:: Assignment ::
Starting with the line that contains "Nautisches Bein für GAMNAUT-Tisch" and ending with the last line of the listing, print each line exactly. Pictures stay out.

:: Supplied information ::
Content starts

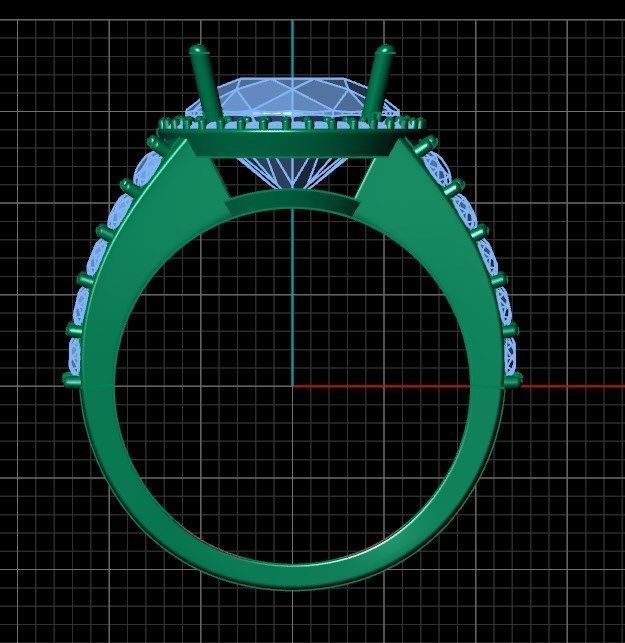 Ring bi52 3D print model_6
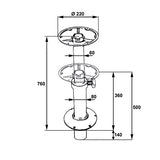 Nautisches Bein für GAMNAUT-Tisch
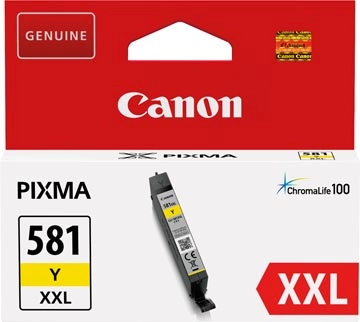 Een Canon inktcartridge CLI-581Y XXL, 322 foto's, OEM 1997C001, geel koop je bij Muys Kantoor & Kado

Content ends

:: Solution to this problem ::
 Nautisches Bein für GAMNAUT-Tisch
 Een Canon inktcartridge CLI-581Y XXL, 322 foto's, OEM 1997C001, geel koop je bij Muys Kantoor & Kado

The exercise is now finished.